[WORK ITEM] Set the whole listing down again, word for word, with no pictures.

[SOURCE DATA]
--------------------

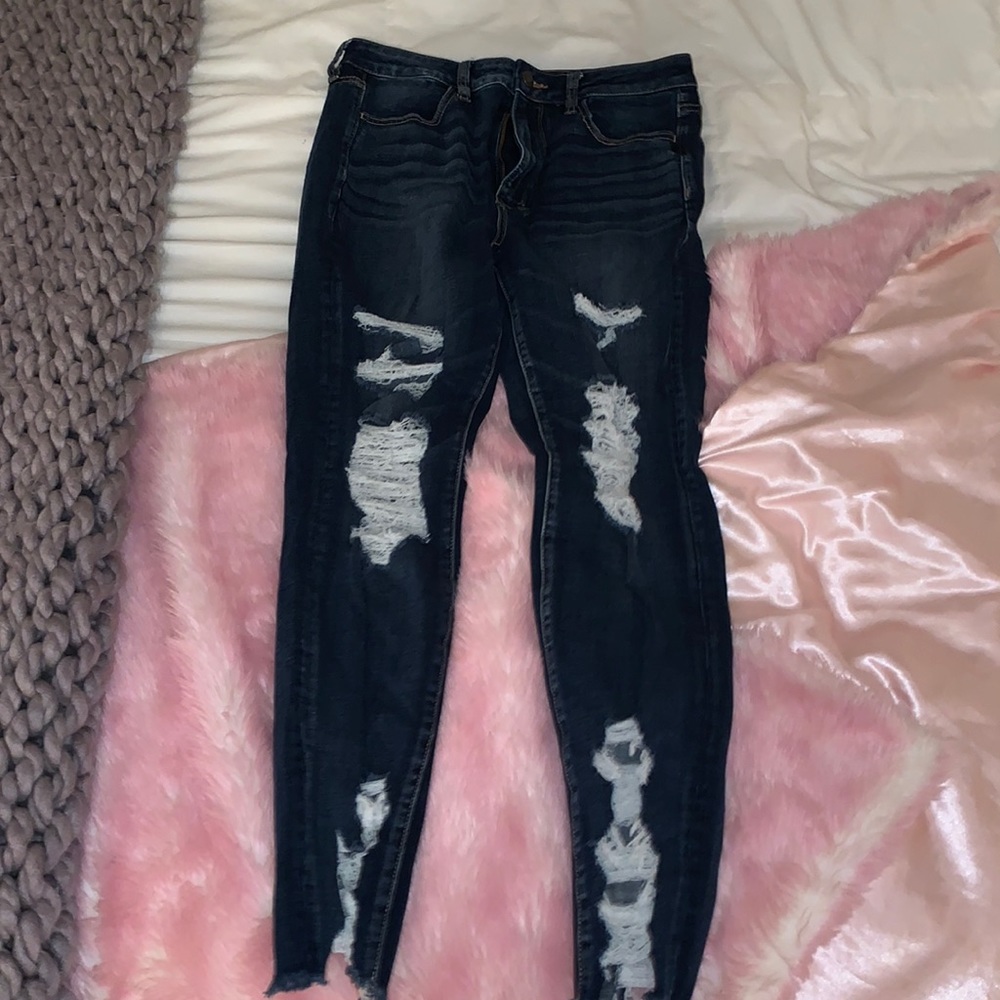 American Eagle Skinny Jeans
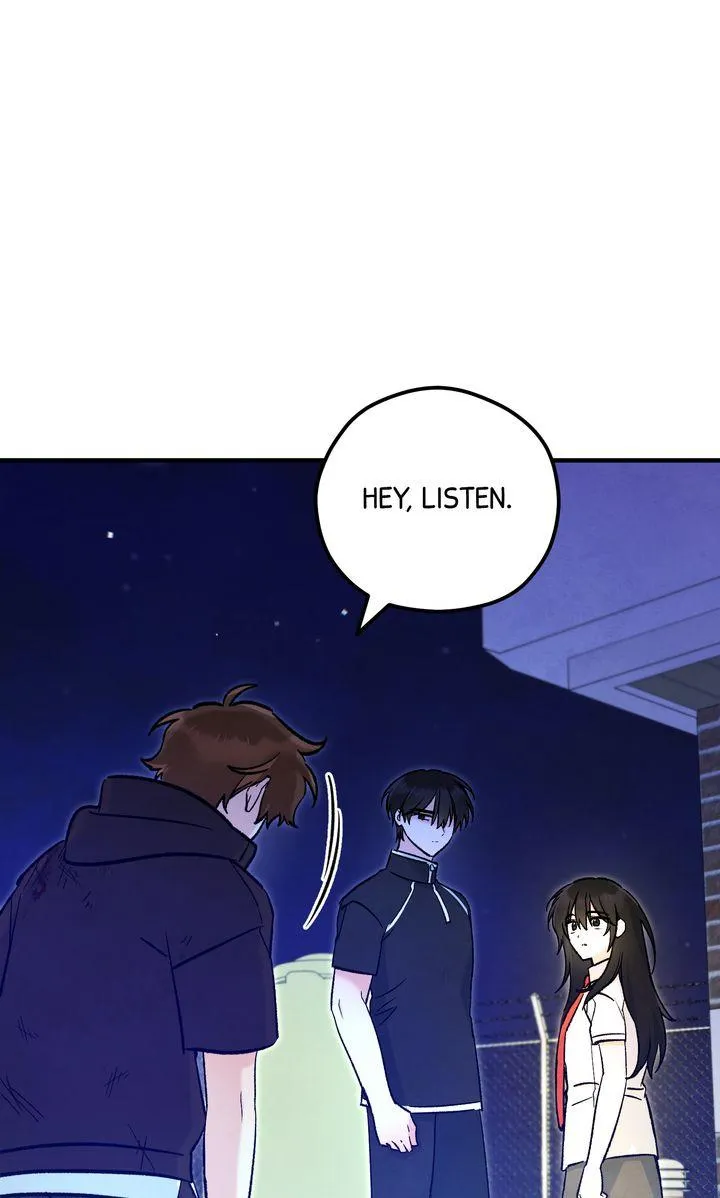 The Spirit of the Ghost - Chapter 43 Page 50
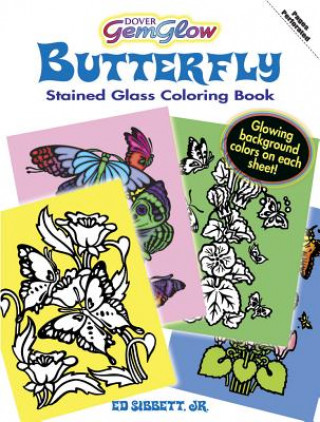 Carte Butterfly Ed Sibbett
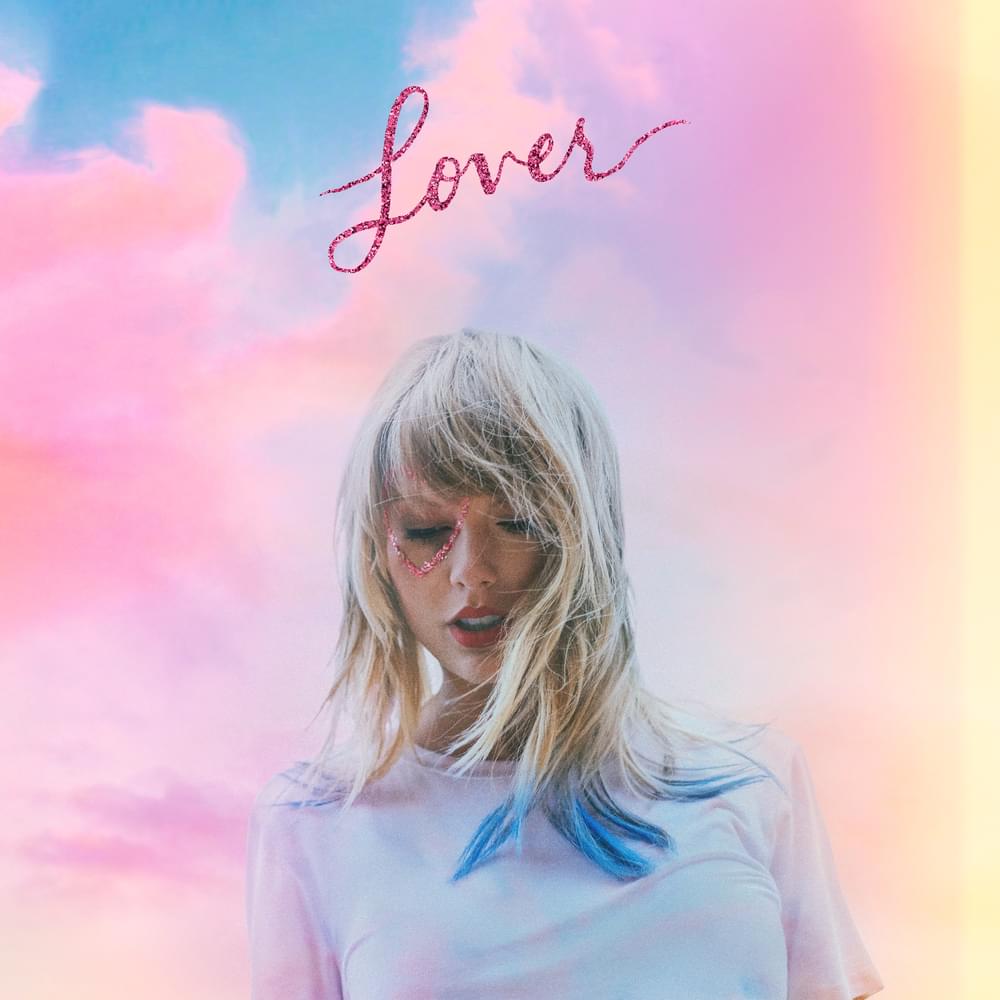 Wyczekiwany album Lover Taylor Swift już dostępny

--------------------

[TASK SOLUTION]
 American Eagle Skinny Jeans
 The Spirit of the Ghost - Chapter 43 Page 50
 Carte Butterfly Ed Sibbett
 Wyczekiwany album Lover Taylor Swift już dostępny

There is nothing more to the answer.